The government then would provide financing that would accessible to entities that bid on the distressed assets and set a price on them in the open marketplace, instead of having the government determine their value.
Speaking on the broad causes and effects of troubles in the stock market and the economy, Ackman said there will be more failures among various funds but they ultimately have not been the principal source of market's troubles.
"I think there will be mutual funds blowups, there will be private equity blowups, there will be hedge fund blowups," he said. "If you look at the problems we've had over the last 18 months, very few of them have been hedge-fund related.
"There are hedge funds that are going to be out of business. It's just like there are mutual funds that shut down. If the performance isn't good people ultimately take their money. It's a great discipline. The beauty of it is you don't need taxpayers to come in and save the day."
On a separate topic, Ackman delineated Pershing's proposal Wednesday to revamp Target's business structure.
Target currently owns 85 percent of the land on which its buildings sit, and Ackman proposes that the company would contribute the land to a spinoff, which in turn would create a real estate investment trust.
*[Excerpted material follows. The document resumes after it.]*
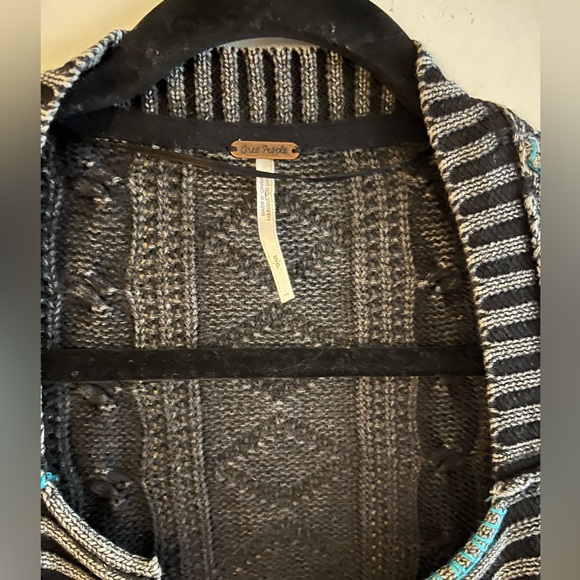 Free People All Washed Out Cardi - Picture 4 of 8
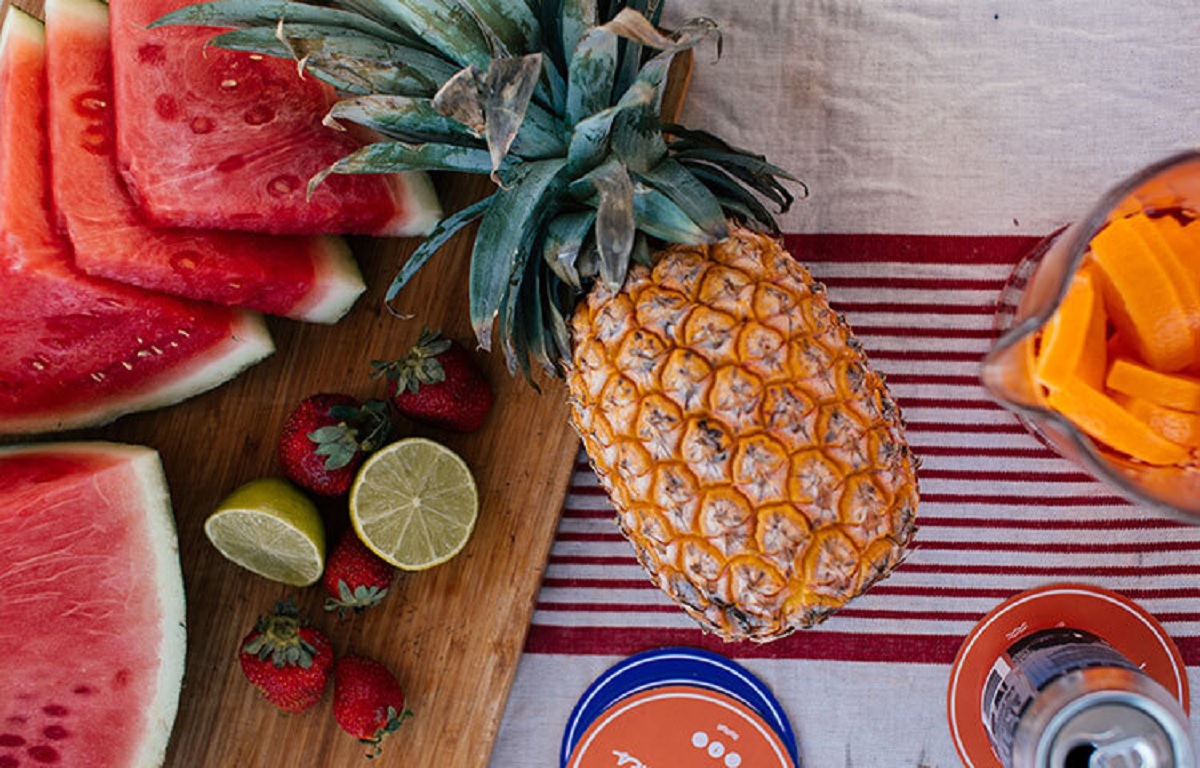 রোজায় সুস্থ থাকতে ইফতারে যেসব ফলমূল খাবেন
The land REIT would be spun off to shareholders who would be paid a dividend that would be funded from rent Target would pay for the land.
The Target dividend would be reduced to a nominal penny per share.
The deal would be a tax advantage for the company while also rewarding shareholders in both Target and the REIT, Ackman said.
"I think it's a great example of shareholders and companies working together to get the best outcome for all shareholders," he said.